Our mission is to provide a continuous circle of support to loved ones impacted by the criminal justice system. SOSOLO does this through our bimonthly support group program called The Journey, offering one-on-one informal counselling, and through our newest initiative – the sentencing support program, in which people attending the sentencing of a loved one can request to have a peer-support meet with them to provide information regarding what to expect, while offering accompaniment to the sentencing hearing.

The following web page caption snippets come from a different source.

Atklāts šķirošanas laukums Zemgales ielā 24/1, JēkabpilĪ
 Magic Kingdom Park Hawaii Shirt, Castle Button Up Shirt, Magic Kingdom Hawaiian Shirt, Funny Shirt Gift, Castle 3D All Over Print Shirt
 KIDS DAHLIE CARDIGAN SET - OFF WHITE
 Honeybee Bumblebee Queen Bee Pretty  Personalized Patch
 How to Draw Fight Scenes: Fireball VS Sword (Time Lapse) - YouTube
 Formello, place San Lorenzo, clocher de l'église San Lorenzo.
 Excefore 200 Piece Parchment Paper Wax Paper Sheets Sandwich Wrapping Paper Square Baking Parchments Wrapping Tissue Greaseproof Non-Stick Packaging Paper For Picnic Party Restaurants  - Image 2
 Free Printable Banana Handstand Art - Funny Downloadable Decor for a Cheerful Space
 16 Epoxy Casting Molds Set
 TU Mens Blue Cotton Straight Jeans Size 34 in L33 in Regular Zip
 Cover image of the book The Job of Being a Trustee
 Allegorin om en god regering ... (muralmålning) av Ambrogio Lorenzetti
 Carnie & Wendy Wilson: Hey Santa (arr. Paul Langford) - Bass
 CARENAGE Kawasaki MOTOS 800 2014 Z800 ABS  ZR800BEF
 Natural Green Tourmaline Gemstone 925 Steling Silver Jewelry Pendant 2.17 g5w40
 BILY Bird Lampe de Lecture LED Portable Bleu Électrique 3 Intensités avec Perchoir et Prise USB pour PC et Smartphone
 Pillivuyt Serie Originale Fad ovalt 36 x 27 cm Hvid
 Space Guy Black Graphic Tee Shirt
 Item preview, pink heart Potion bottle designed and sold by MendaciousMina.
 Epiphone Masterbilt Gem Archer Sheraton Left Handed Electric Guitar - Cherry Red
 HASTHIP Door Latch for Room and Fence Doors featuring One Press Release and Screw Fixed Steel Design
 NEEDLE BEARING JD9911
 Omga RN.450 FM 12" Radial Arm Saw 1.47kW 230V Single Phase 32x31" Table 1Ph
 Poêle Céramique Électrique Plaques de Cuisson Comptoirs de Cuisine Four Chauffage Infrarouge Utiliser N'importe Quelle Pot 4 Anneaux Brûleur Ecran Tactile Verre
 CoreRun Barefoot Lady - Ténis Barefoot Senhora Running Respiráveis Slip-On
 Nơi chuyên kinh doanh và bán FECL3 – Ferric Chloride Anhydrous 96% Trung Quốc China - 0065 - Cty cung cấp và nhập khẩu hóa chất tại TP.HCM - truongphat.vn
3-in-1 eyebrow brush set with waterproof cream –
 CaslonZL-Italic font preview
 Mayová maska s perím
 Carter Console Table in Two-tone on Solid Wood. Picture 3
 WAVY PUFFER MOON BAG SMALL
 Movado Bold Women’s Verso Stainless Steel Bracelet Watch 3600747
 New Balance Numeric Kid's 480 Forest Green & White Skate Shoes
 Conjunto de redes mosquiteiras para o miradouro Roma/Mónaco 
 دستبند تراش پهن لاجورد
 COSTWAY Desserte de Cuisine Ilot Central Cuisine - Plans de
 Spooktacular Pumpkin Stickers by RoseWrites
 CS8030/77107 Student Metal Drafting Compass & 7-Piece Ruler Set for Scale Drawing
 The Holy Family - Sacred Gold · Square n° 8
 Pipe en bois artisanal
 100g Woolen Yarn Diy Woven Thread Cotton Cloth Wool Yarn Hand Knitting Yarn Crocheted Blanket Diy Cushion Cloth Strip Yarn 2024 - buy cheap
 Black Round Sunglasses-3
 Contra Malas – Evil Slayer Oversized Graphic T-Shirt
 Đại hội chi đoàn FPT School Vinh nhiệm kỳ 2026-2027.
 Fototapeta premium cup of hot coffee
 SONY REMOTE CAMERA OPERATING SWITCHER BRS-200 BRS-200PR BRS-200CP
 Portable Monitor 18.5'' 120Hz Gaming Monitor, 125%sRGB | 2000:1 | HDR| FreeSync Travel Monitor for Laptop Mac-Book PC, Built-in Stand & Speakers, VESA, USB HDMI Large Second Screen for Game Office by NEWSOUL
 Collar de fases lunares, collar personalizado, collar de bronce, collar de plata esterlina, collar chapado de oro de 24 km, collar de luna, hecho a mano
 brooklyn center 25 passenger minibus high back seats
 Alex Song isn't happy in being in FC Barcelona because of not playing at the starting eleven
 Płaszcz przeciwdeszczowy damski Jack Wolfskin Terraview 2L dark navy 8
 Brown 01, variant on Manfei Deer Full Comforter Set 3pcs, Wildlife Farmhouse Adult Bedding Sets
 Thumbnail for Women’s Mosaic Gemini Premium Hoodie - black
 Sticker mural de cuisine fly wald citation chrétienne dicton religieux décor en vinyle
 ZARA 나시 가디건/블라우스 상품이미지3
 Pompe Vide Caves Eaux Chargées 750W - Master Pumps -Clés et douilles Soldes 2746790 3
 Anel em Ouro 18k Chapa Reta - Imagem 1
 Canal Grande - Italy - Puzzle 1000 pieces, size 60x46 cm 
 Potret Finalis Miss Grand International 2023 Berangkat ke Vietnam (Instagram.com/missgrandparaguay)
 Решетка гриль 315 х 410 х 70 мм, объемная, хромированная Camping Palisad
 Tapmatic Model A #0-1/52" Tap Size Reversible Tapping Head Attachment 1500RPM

These above mentioned programs work to address the issue of reducing isolation so often encountered by loved ones, who face continual social stigma and criminalization by default of supporting someone in conflict with the law. Having a circle of people to whom one can speak freely and without fear of judgement, may not change the immediate situation, however, it can significantly minimize the psycho-emotional-spiritual traumas often experienced.
Contact
Website: www.sosolo.org
Email: sosolo411@gmail.com
Stop The Arrests!!! Sault Ste Marie
In late August, 2012 in Sault Ste Marie, ON, nine local women were charged under the outstanding and highly contested area of prostitution policy contained within the Criminal Code. Not only were these nine women arrested, the women’s full names and home addresses were also published by all local media sources. Reportedly fuelled by community complaints about ‘aggressive solicitation’, further arrests and media attention continued, culminating in a full‐out police and media witch‐hunt. Two former Sault Ste Marie residents, with lived sex work experience in their home community, were concerned about the safety of these community members, the street sex working community at large, and the major violations of sex workers' rights and privacy. STA!!!SSM was born.
Goals
STOP THE ARRESTS!!!SSM’s goals are to address systemic barriers that stigmatize/ criminalize and place sex workers at greater risk.
Demands
STA!!!SSM have set out 5 demands which include:
1. A moratorium on all sex worker related arrests until Bedford vs Canada is heard at the Supreme Court Of Canada
2. That media stop publishing the names and personal information of sex workers and sex worker related offences
3. That the SSM police department stop leaking the names of those arrested under these contested laws
4. A call for community based consultation on social impacts including sex workers at all levels
5. A red umbrella campaign to raise awareness of issues related to sex workers
Contact
Email: stopthearrestssm@gmail.com
Community Action for Families
We are a brilliant, unapologetic, grassroots movement for community transformation. We are a community of people who are mothers, people who use drugs, survivors/fighters, sex workers, and allies. We recognize that harm exists in our communities & families, and we are connected through harmful experiences from systems of oppression, especially as they relate to the “child protection” industrial complex. We are working to build nurturing and thriving communities and stronger supportive networks for our families and children to live, learn, and grow.
Vision
We envision communities that foster networks that heal and strengthen families through peer support, community accountability and transformative justice.
Mission
We aim to develop a voice and that is collective and strong, which challenges the belief that separating & controlling families fosters healthy communities. By reducing isolation and stigma for people involved in the child welfare system and their allies, we reclaim our right to mother and parent in ways that are right for our families. We believe that food, shelter, freedom and access to power are what really create strong families.